This Exoskeleton Could Help Stroke Victims Walk
Ekso GT just became the first exoskeleton to be cleared by the FDA for use with stroke patients
Ekso Bionics has just received clearance from the FDA to market a bionic exoskeleton for use in the treatment of stroke and spinal cord injuries, according to a press release from the robotics company. Although there are at least two other robotic exoskeletons already on the market, the Ekso GT is the first to receive explicit FDA approval for rehabilitating stroke patients—a major coup for the company.
“This clearance marks a major milestone towards our goal of establishing exoskeletons as standard of care in the rehabilitation clinic,” said Thomas Looby, president of Ekso Bionics. Looby adds that he hopes that the announcement, “will translate into broader adoption of exoskeletons by hospitals and rehabilitation clinics and better outcomes for patients.”

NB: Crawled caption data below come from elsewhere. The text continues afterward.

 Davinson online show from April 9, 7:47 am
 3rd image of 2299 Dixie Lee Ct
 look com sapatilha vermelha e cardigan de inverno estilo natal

Ekso is not the only robotic exoskeleton on the market. ReWalk and HAL, two other prominent exoskeletons that have already enjoyed their share of successes in the burgeoning bionics industry, even have some advantages over Ekso.
ReWalk, produced by Argo Medical Technologies, was actually the first exoskeleton to gain FDA approval, back in 2014. While the suits cost a prohibitive $70,000, they are already helping some paralyzed patients to walk again, with motion sensors and motorized joints that can detect and adjust to subtle changes in upper body movement. HAL, produced by Cyberdyne, is even more sophisticated, with sensors that attach to a patient’s skin and pick up the weak signals that the brain is sending to the unresponsive, paralyzed limbs.
But Ekso captured our hearts with the touching story of Mark Pollock, who became the first person with complete paralysis to actively work with a robotic device to walk again. Since Ekso includes a computer system that tracks motion while employing spinal stimulation, the device was able to collect data on Pollock’s movements as he began to actively assist the robot, flex his knee and raise his leg, all by his own power. And that’s the real hope for the future—baby steps toward an exoskeleton that could one day cure paralysis.
Ekso’s latest win, however, is FDA approval for treating stroke patients. Each year, an estimated 17 million people suffer a stroke for the first time and more than 60 percent of survivors are left unable to walk normally. This greatly increases their risk of falling and causing further injury, and severely decreases their quality of life. With FDA approval, Ekso will now be able to work its magic in rehabilitation facilities—training stroke survivors to walk again under their own power.
As with any major FDA approval, multiple field-tests were required to demonstrate that Ekso was safe and effective for rehabilitating stroke survivors. W. Zev Rymer, director of the Rehabilitation Institute of Chicago, was among the first to volunteer his organization to host the tests back in 2012.
“I congratulate Ekso Bionics for being the first exoskeleton to receive clearance for stroke,” Rymer said in a press statement. “We have seen the clinical value of the technology, and Ekso Bionic’s continued innovation now brings us the ability to provide this advanced technology to a broader patient population.”